Predicting the Remaining Useful Life (RUL) of aircraft jet engines using sensor time-series data from the NASA CMAPSS dataset.
Aircraft engines generate continuous sensor data during operation. As components degrade over time, failure risk increases. Unplanned failures cause:
-
- Safety risks — catastrophic failure mid-flight
-
- High costs — emergency maintenance is 3–5x more expensive than scheduled
-
- Downtime losses — airlines lose ~$150K/hour per grounded aircraft
Goal: Predict how many operational cycles remain before an engine fails — enabling maintenance before failure, not after.

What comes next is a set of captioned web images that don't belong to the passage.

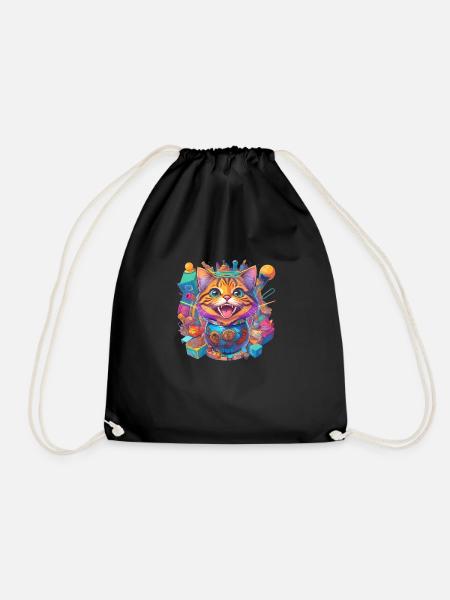 verrückte, lachende Katze - Turnbeutel - Schwarz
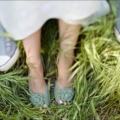 bridal shoes in the grass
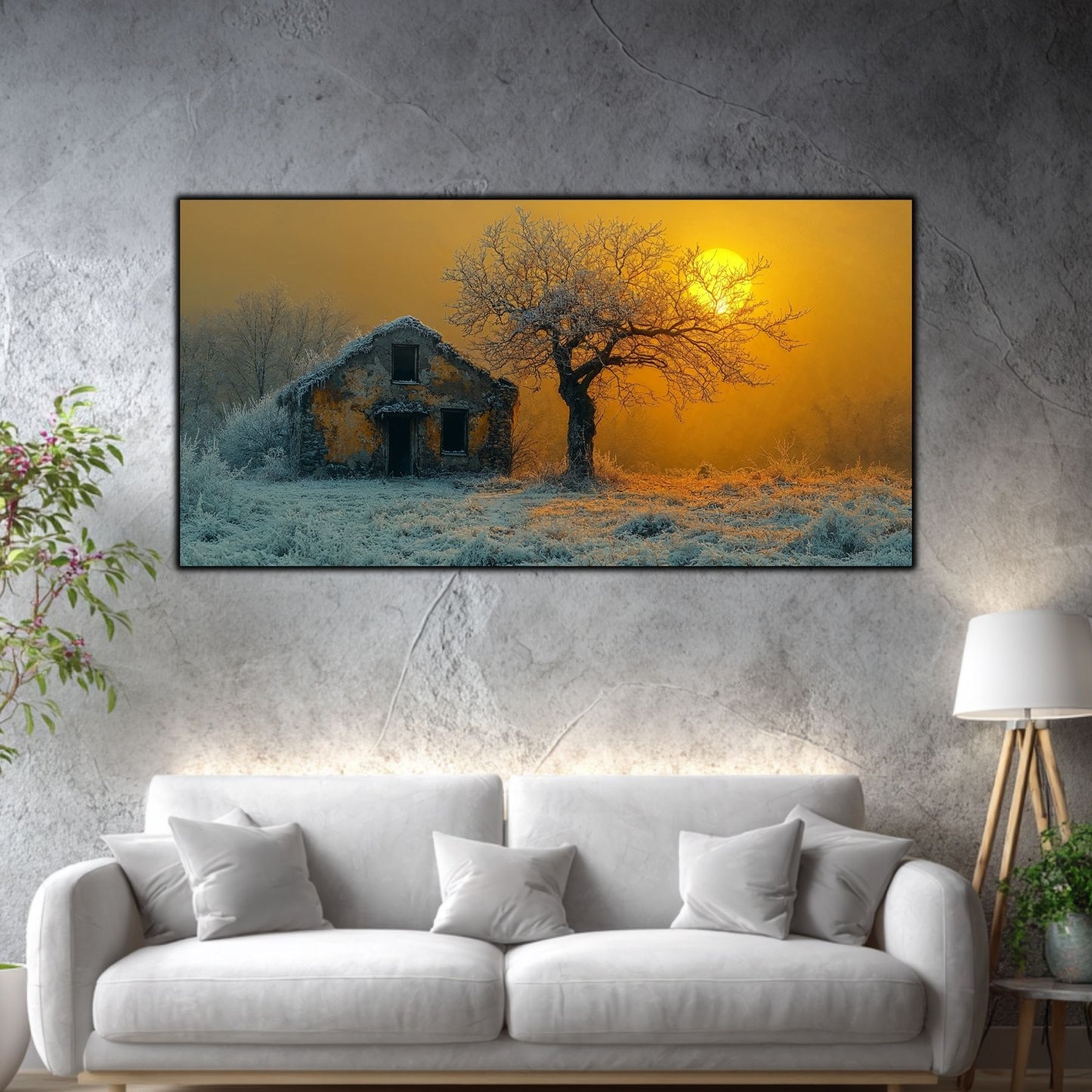 Tablou mare pentru living „The Last Orchard” – peisaj de iarnă în amenajare interioară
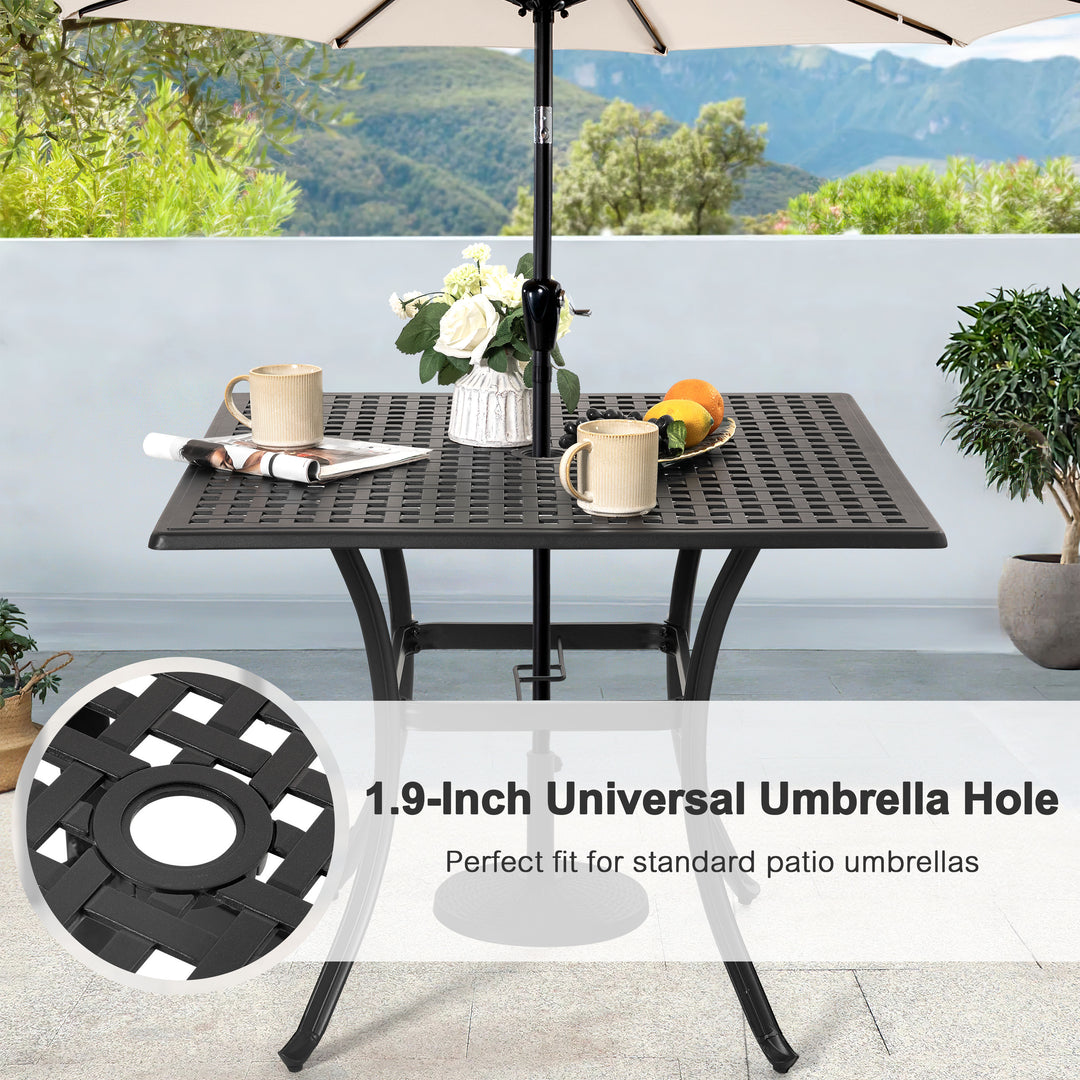 Square Cast Aluminum Outdoor Dining Table with Umbrella Hole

RUL = Number of operational cycles remaining before engine failure
NASA CMAPSS (Commercial Modular Aero-Propulsion System Simulation)
| Dataset | Engines | Operating Conditions | Fault Modes | Difficulty |
|---|---|---|---|---|
| FD001 | 100 | 1 | 1 | Easy |
| FD002 | 260 | 6 | 1 | Medium |
| FD003 | 100 | 1 | 2 | Medium |
| FD004 | 249 | 6 | 2 | Hard |
26 columns per file: engine_id, cycle, operational_setting_1/2/3, sensor_1 to sensor_21
Download: https://www.nasa.gov/content/prognostics-center-of-excellence-data-set-repository
predictive-maintenance-rul/
│
├── notebooks/
│ └── predictive_maintenance_full.ipynb
│
├── data/
│ ├── train_FD001.txt
│ ├── train_FD002.txt
│ ├── train_FD003.txt
│ └── train_FD004.txt
│
├── models/
│
├── README.md
└── requirements.txt
Each of the 4 datasets goes through the same pipeline independently:
Load Dataset
↓
Create RUL (clipped at 125 cycles)
↓
EDA
↓
Feature Selection
↓
Rolling Mean Features
↓
Train/Test Split
↓
MinMax Scaling
↓
Random Forest + XGBoost
↓
Model Comparison
Then cross-dataset results are combined into a unified comparison table.
Raw RUL goes 300+ cycles for new engines. Model wastes capacity learning the perfectly healthy phase. Clipping at 125 focuses training on the degradation phase that actually matters.
Random row splitting causes data leakage. Instead, whole engines are assigned to train or test sets.
FD001/FD003 have one operating condition, so operational settings are constant and removed.
FD002/FD004 have multiple operating conditions, so settings are retained.
Rolling mean over 10 cycles per engine captures degradation trends and reduces sensor noise.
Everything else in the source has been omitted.